VIDEO | Guasti centro oli di Tempa Rossa in Basilicata, popolazione in allarme

Il direttore generale dell'Arpab, Antonio Tisci, rispetto agli ultimi episodi ha dichiarato: "Necessario che Total fornisca tutte le informazioni e le misurazioni"
Condividi su facebook
Condividi su twitter
Condividi su whatsapp
Condividi su email
Condividi su print

POTENZA – “Forse Total è ancora convinta che siamo in una fase di prova ma siamo in piena messa a regime dell’impianto Tempa Rossa e deve fornirci tutte le informazioni e le misurazioni di cui abbiamo bisogno, che non possono esser nè generiche ne’ disorientate”. È quanto afferma alla Dire il direttore generale dell’Arpab, Antonio Tisci, rispetto agli ultimi episodi di guasti registrati al Centro Oli della Val d’Agri, che hanno allarmato la popolazione.

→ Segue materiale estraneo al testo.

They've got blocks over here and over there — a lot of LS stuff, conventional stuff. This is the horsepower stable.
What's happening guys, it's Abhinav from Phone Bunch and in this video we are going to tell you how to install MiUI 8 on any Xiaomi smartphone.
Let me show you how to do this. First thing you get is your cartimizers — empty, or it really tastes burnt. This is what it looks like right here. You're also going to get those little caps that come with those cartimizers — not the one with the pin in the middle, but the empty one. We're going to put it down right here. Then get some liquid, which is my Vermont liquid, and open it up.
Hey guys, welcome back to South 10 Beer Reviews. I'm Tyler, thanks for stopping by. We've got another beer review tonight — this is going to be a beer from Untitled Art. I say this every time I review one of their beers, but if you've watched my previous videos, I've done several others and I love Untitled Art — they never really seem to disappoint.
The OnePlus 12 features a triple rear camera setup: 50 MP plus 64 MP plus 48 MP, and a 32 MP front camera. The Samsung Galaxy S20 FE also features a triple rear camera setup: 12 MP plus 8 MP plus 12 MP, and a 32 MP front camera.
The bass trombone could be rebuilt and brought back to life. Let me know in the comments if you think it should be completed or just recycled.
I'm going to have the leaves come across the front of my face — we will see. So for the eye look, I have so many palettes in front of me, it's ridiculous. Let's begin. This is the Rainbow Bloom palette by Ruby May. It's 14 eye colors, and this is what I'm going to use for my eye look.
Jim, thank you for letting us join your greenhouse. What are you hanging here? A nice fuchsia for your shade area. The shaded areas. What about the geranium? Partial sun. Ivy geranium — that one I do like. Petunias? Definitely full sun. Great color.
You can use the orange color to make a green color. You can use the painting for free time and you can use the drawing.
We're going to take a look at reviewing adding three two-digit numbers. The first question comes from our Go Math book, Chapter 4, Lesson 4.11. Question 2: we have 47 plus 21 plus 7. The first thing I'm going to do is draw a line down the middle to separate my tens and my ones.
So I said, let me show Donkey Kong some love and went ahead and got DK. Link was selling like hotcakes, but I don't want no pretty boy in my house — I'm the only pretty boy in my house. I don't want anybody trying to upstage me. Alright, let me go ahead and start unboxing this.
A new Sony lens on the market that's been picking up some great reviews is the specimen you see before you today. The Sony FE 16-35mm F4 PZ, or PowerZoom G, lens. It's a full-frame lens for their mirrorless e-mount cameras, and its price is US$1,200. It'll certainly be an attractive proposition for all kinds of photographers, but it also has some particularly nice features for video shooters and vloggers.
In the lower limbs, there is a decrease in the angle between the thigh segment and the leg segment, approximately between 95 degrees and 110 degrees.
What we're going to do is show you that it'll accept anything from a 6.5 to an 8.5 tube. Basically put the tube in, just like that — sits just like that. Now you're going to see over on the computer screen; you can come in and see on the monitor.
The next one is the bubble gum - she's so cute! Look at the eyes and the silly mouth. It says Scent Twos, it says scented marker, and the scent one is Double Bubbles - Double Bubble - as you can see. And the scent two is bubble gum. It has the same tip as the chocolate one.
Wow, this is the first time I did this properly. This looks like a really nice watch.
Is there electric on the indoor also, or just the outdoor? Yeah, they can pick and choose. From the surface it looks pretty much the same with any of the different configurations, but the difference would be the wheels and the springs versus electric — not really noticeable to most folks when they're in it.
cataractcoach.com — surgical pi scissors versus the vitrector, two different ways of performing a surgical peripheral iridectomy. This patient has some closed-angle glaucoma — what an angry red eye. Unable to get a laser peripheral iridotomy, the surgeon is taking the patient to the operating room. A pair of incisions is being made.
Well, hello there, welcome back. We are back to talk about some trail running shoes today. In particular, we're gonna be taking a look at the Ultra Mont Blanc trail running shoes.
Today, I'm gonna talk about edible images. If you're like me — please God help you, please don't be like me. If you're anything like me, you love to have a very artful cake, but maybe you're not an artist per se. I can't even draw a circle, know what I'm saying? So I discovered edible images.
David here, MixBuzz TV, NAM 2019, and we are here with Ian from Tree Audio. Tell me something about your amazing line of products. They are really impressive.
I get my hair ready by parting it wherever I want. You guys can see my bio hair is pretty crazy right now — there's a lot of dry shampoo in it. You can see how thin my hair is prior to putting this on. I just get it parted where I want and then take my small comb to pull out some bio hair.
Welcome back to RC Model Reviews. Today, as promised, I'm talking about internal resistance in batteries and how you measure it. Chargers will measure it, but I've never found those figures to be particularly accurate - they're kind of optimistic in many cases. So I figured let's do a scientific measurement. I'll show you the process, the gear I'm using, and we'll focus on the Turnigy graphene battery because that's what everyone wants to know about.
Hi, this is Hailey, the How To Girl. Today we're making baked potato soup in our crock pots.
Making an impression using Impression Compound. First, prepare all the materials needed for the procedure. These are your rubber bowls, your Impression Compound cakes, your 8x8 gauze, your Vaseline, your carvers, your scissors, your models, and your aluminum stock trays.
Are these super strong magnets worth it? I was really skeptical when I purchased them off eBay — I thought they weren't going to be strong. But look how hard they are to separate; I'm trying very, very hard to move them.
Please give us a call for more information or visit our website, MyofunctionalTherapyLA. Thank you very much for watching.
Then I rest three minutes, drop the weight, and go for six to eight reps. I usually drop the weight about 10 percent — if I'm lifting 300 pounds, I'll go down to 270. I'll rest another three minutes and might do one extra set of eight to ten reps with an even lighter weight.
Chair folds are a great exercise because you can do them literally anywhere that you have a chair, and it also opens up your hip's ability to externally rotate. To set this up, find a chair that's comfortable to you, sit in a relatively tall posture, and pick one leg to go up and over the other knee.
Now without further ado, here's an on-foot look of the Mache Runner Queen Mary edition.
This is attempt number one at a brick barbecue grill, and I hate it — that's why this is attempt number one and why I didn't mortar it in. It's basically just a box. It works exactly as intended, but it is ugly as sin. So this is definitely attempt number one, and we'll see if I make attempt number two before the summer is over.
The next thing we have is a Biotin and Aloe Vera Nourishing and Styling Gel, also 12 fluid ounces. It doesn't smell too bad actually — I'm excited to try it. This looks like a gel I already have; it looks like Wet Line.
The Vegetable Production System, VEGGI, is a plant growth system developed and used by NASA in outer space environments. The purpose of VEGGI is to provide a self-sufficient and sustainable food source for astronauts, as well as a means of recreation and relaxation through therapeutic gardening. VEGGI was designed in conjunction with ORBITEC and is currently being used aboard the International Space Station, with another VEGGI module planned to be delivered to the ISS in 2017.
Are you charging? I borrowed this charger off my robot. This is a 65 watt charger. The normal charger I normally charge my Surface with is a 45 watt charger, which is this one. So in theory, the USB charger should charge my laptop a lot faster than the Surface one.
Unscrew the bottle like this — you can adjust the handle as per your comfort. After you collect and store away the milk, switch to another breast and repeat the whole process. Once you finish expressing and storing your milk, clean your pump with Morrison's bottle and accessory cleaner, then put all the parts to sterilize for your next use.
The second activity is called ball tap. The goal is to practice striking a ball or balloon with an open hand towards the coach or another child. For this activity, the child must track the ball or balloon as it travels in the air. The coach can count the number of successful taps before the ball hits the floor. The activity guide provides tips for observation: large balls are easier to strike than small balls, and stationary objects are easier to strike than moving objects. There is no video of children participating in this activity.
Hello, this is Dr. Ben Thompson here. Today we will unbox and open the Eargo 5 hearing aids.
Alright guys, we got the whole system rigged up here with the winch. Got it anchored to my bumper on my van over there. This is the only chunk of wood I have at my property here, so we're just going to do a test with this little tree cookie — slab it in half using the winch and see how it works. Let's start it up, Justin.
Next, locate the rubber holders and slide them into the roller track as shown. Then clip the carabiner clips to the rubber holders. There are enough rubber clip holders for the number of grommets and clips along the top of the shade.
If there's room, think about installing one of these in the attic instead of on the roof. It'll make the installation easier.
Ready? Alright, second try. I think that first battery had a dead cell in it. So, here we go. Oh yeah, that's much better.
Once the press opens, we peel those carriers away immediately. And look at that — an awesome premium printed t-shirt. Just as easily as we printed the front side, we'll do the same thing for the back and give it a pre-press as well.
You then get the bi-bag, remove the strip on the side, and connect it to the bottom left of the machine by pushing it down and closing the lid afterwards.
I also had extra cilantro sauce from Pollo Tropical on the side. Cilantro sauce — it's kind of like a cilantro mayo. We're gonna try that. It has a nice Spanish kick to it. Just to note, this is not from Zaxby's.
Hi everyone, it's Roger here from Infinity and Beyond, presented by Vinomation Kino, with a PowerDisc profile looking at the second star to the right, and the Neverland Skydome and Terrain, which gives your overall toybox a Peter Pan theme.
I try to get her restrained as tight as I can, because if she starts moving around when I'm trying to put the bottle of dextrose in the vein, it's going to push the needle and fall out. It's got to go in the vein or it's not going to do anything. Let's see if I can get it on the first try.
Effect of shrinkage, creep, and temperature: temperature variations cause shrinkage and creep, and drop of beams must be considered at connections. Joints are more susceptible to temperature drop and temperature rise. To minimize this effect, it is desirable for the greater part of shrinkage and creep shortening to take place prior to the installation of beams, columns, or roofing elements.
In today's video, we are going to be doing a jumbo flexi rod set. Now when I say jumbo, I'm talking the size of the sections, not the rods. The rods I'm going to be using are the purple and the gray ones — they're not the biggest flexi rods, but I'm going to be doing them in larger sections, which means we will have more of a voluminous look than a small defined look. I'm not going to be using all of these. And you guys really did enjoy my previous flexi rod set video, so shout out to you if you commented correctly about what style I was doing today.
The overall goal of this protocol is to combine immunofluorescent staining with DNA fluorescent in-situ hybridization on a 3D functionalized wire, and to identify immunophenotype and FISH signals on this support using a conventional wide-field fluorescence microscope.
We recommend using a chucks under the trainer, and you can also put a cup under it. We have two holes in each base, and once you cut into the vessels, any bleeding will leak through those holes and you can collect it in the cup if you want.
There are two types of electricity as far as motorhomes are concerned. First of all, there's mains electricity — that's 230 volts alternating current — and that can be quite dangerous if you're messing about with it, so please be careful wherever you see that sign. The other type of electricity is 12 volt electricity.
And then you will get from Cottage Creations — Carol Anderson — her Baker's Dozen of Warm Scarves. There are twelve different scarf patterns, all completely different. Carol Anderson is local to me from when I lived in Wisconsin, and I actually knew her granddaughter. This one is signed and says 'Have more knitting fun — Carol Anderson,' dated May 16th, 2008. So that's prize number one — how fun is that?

Nel dettaglio, gli episodi si sono verificati il 14, 15 e 17 gennaio. “Nel primo caso – ha spiegato Tisci – si è trattato di un evento torcia, dovuto alla messa in funzione di una caldaia che Total ha riferito come prova. E già qui Total commette il primo errore, perche’ le prove dovevano essere effettuate entro l’11 gennaio, il 14 quindi doveva già essere tutto perfettamente funzionante”. Il 15, il guasto sarebbe stato provocato da un aerorefrigeratore, “ma Total – ha precisato Tisci – non ha dato informazioni su cosa lo ha provocato”. Il 17, invece, si sarebbe verificato una “malfunzionamento generico”.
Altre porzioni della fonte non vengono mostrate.